**Description of the task**
Copy every line from the one that holds "Black Cherry Harper" to the end of the records below, exactly and with nothing else, but without any pictures.

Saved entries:
------
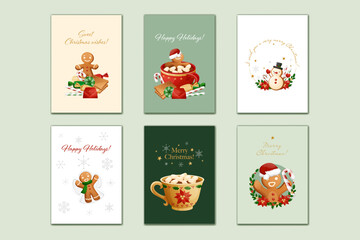 Cute Christmas Greeting Cards Set With Gingerbread Characters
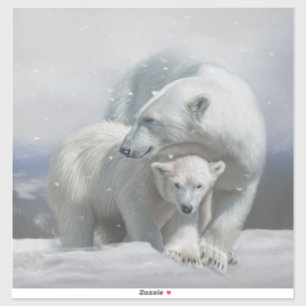 Polar Bear Family Stickers Klistermärken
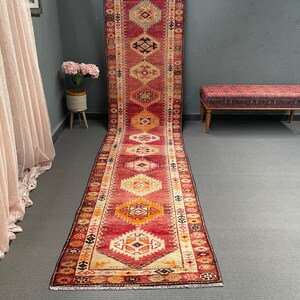 Tapis vintage Turkish Runner tissé à la main 86 x 410 cm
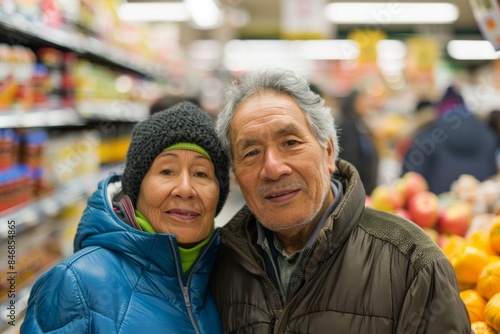 Portrait of a content mixed race couple in their 60s dressed in a water-resistant gilet isolated on busy supermarket aisle background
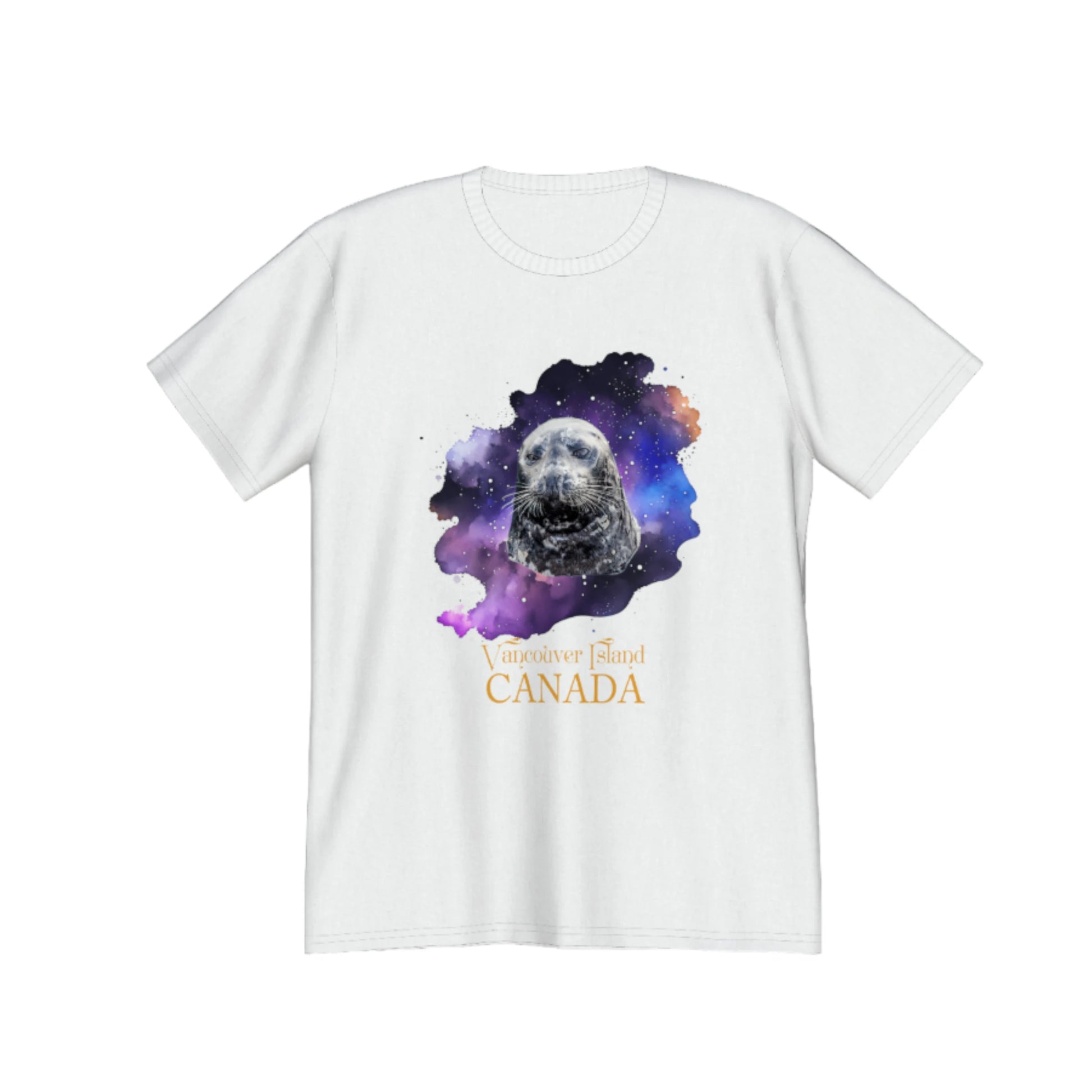I Love Lucy Vancouver Island Canada Premium Unisex T-shirt! The image on the front of the top is of a harbour seal close up with a abstract colourful background. by van isle goddess dot com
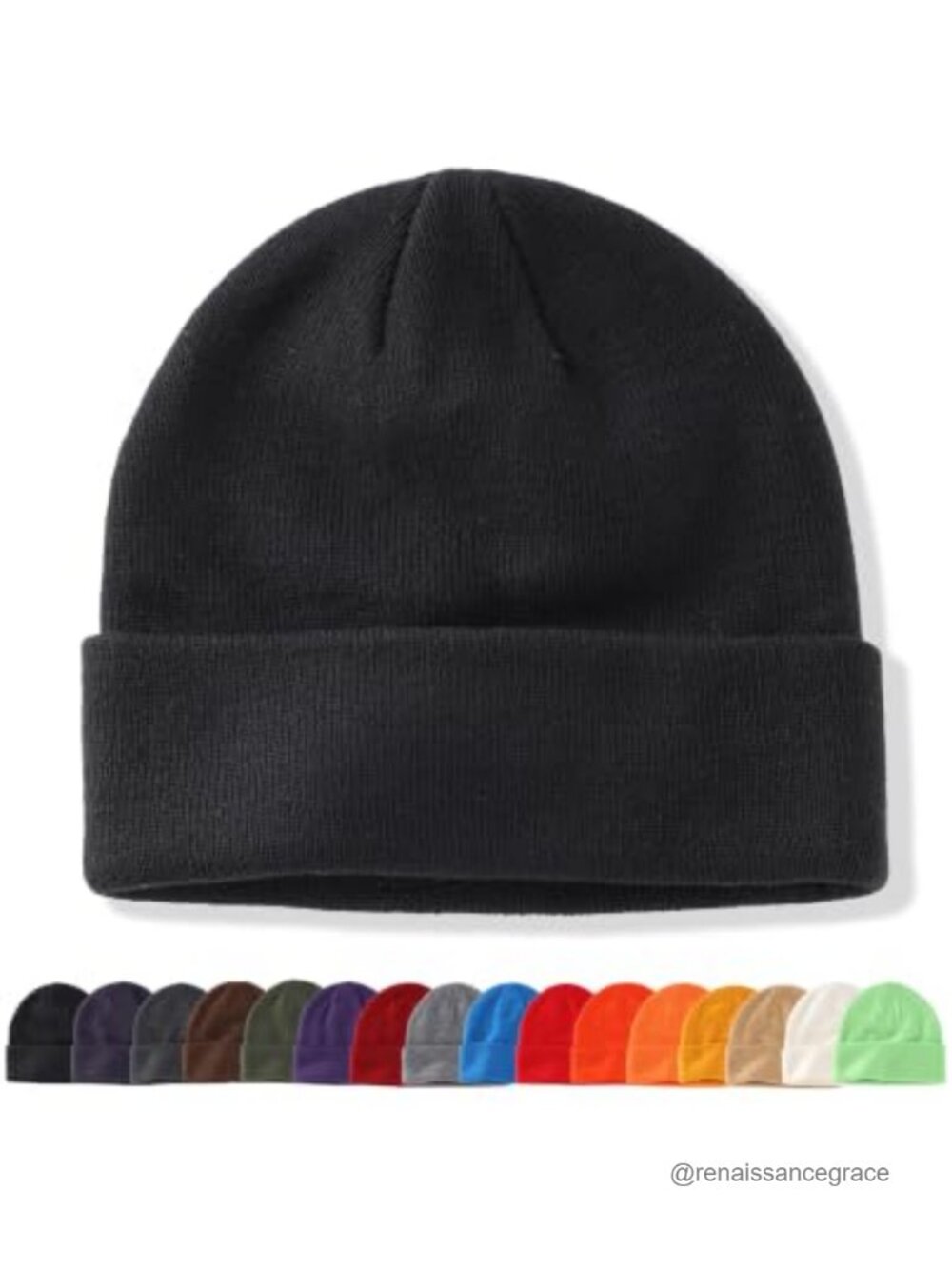 Cuffed Knitted Winter Beanie Hat Unisex Warm Skull Cap Outdoor Stretch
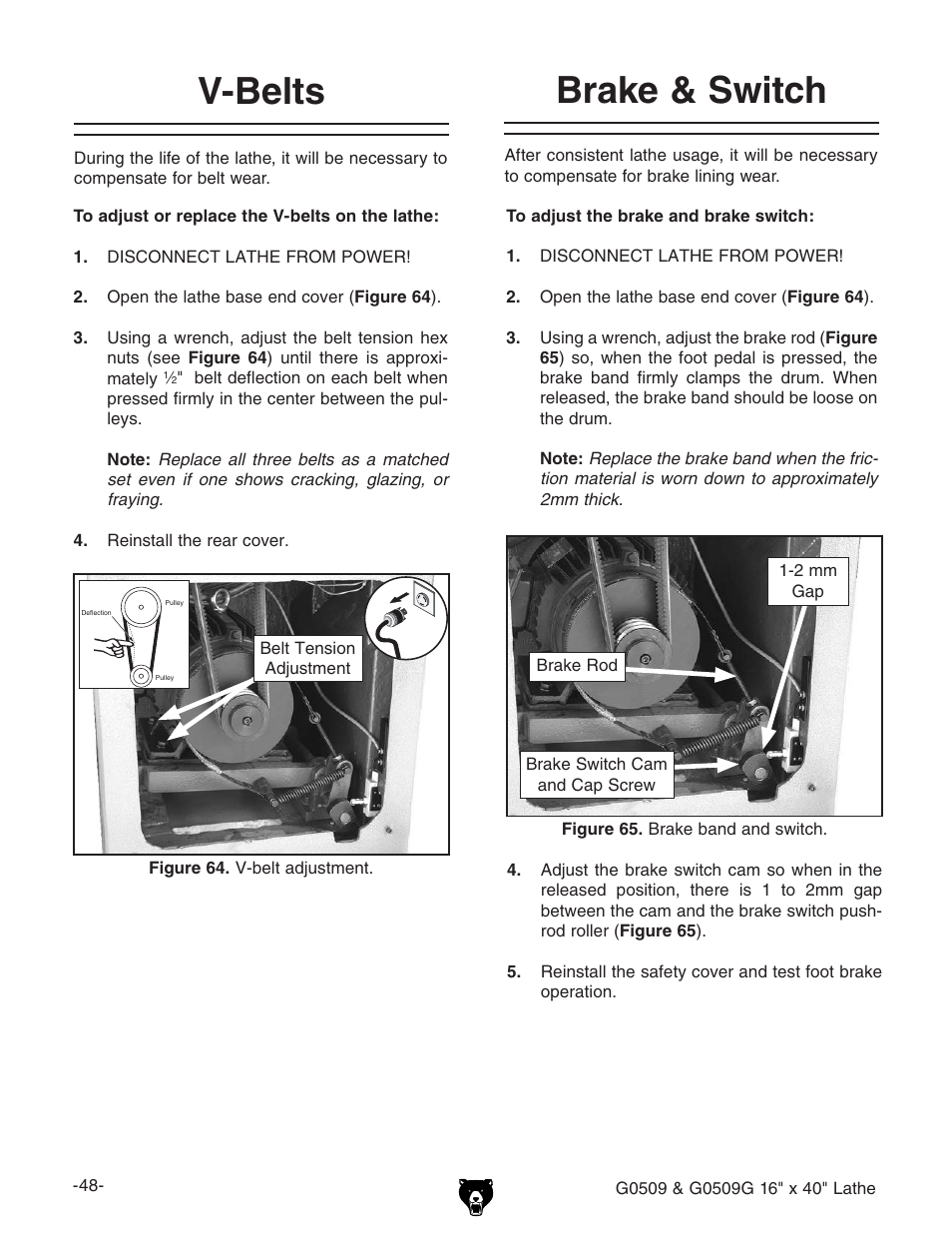 V-belts, Brake & switch | Grizzly G0509 User Manual | Page 50 / 92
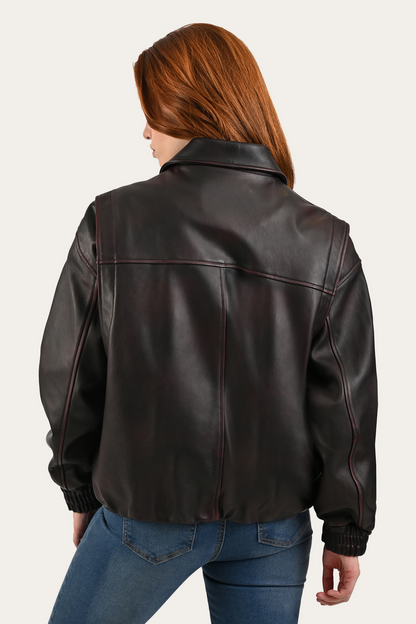 Black Cherry Harper Oversized Bomber | Frye Black Cherry
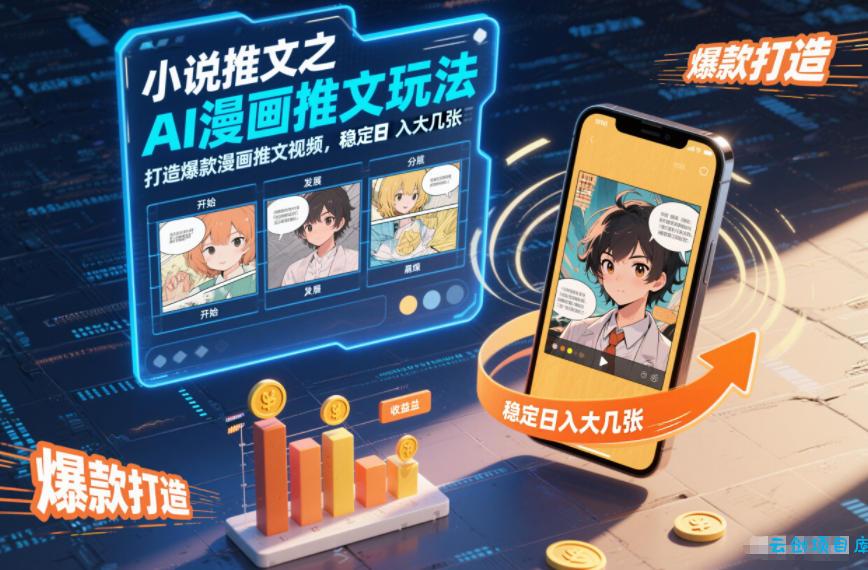 小说推文之AI漫画推文玩法，打造爆款漫画推文视频，稳定日入大几张-云创项目库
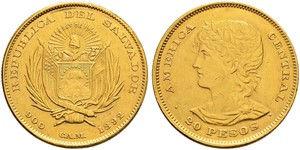 20 Peso 萨尔瓦多 金 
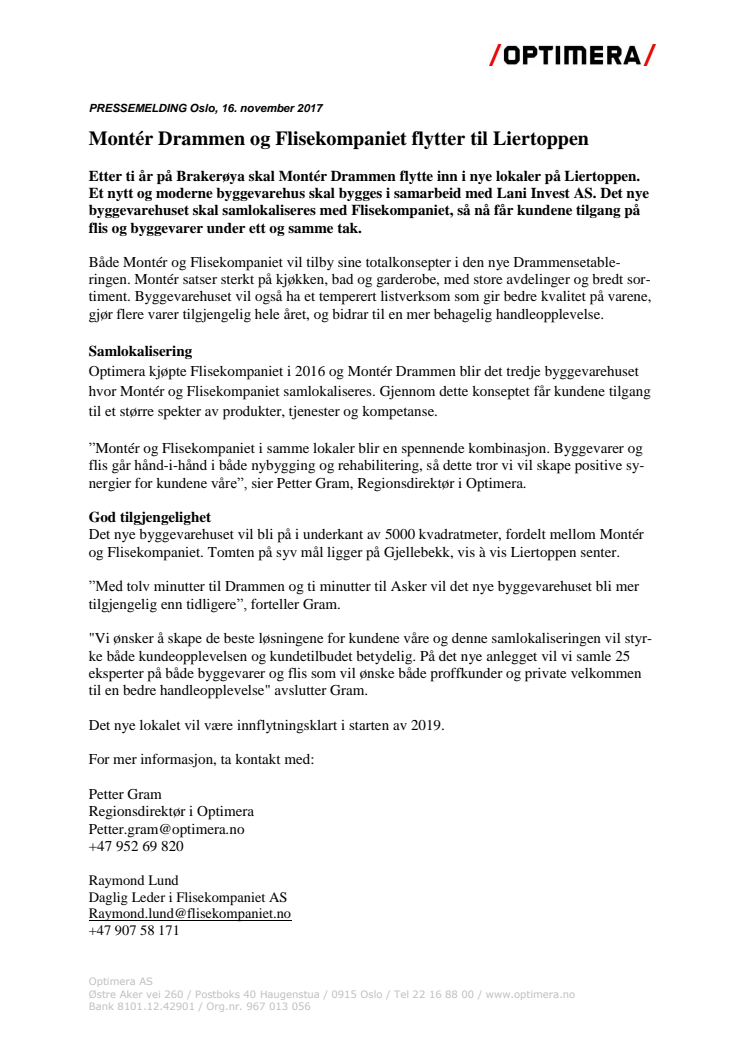 Montér Drammen og Flisekompaniet flytter til Liertoppen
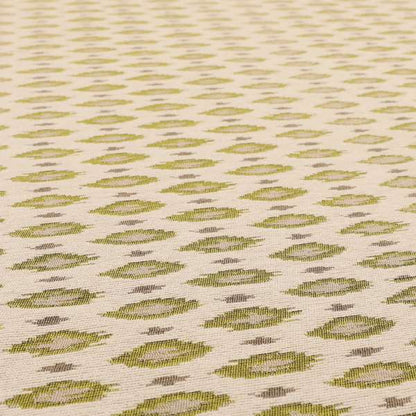 Ella Ikat Small Motif Design Lime Green Colour Woven Jacquard Upholstery Fabrics JO-364 - Roman Blinds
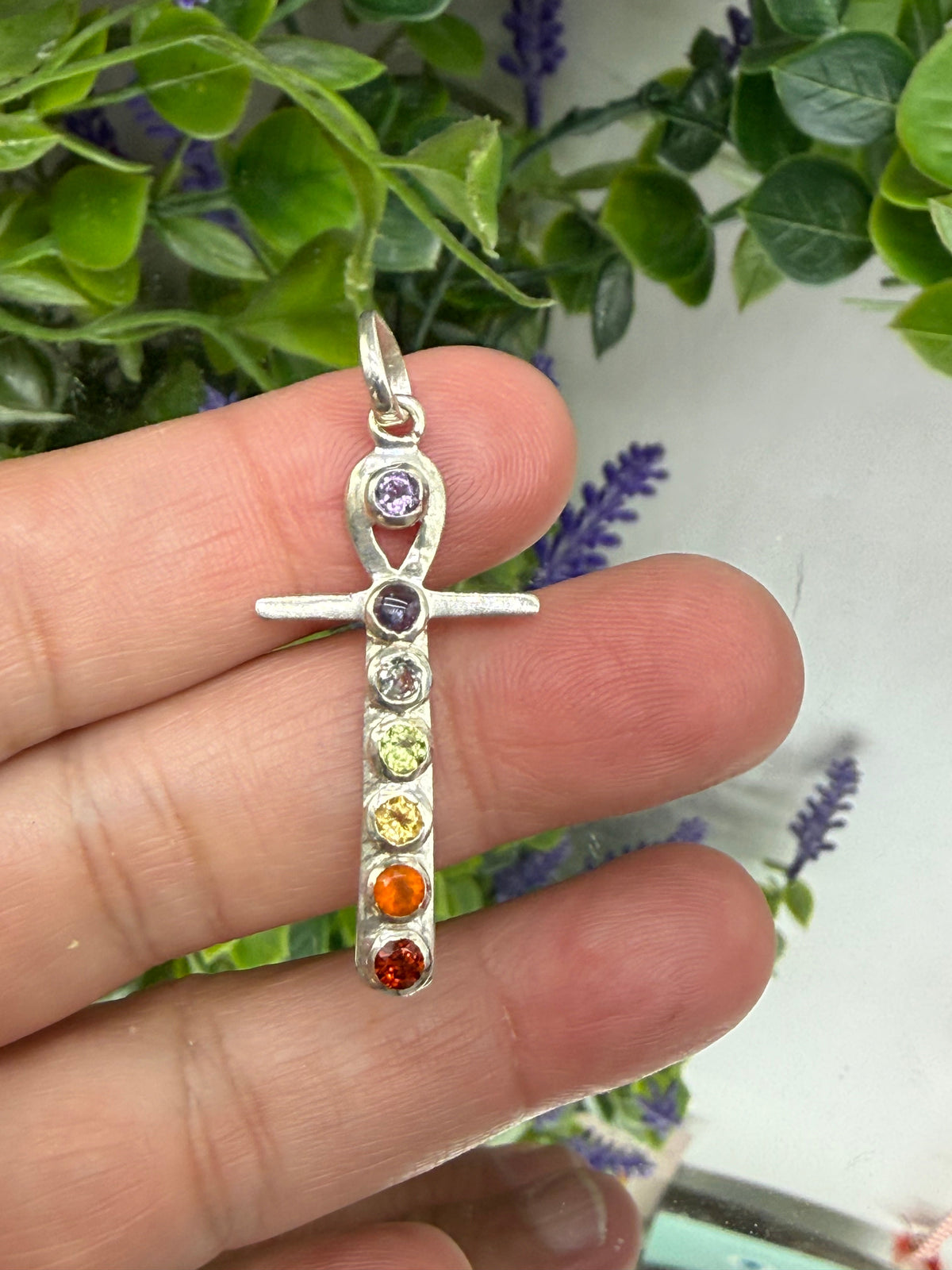 Sacred Cross Chakra Pendant — Faith, Protection & Inner Balance, 35mmx18mm Crystal Wellness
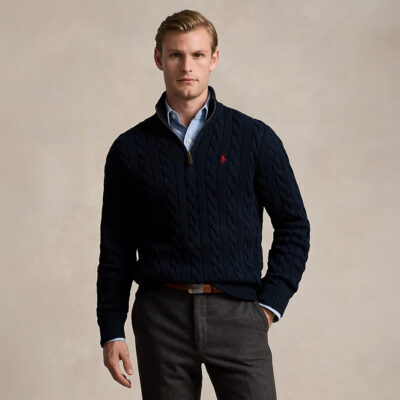 Ralph Lauren Cable-Knit Cotton Quarter-Zip Sweater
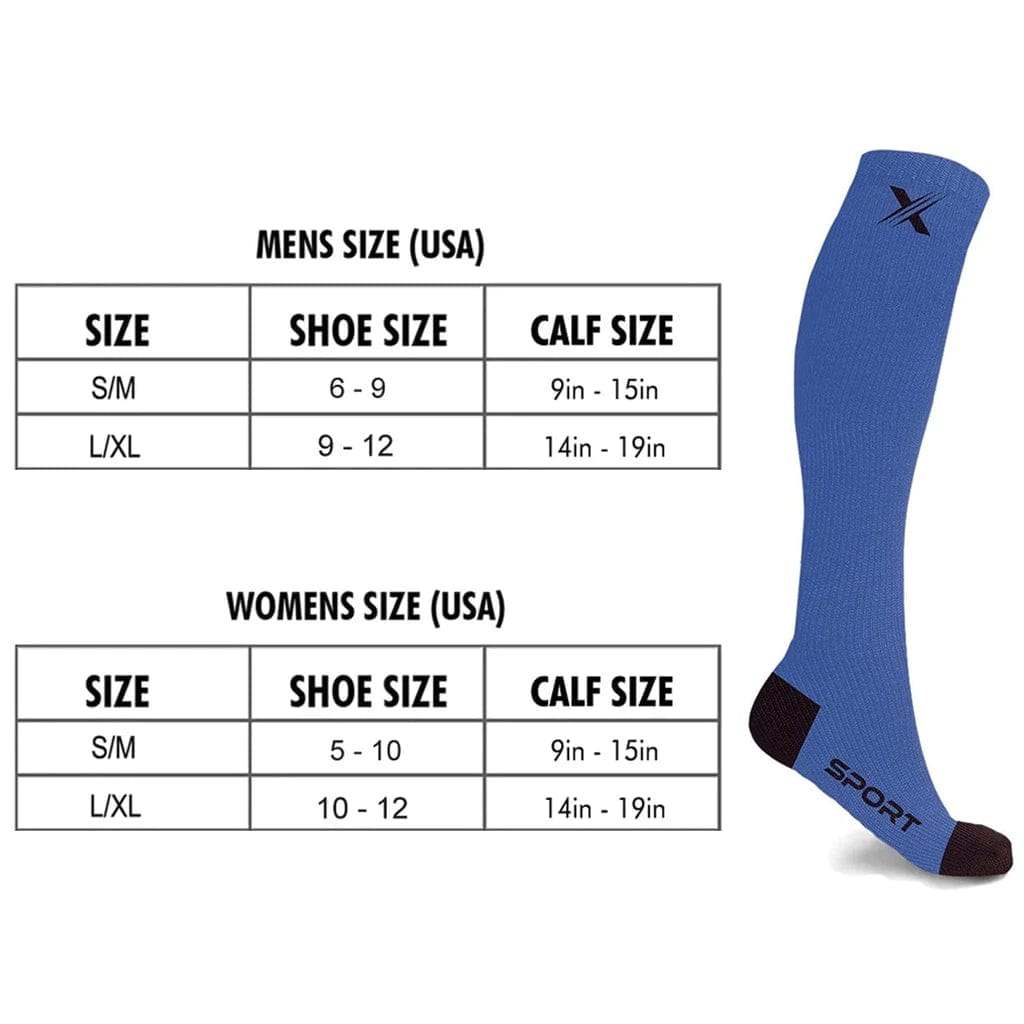 Run+ Red/neon/blue - Atheltic Grade Compression Socks (3-Pairs)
------
**Solution to the problem**
 Black Cherry Harper Oversized Bomber | Frye Black Cherry
 小说推文之AI漫画推文玩法，打造爆款漫画推文视频，稳定日入大几张-云创项目库
 20 Peso 萨尔瓦多 金 
 Montér Drammen og Flisekompaniet flytter til Liertoppen
 Ella Ikat Small Motif Design Lime Green Colour Woven Jacquard Upholstery Fabrics JO-364 - Roman Blinds
 Sacred Cross Chakra Pendant — Faith, Protection & Inner Balance, 35mmx18mm Crystal Wellness
 Ralph Lauren Cable-Knit Cotton Quarter-Zip Sweater
 Run+ Red/neon/blue - Atheltic Grade Compression Socks (3-Pairs)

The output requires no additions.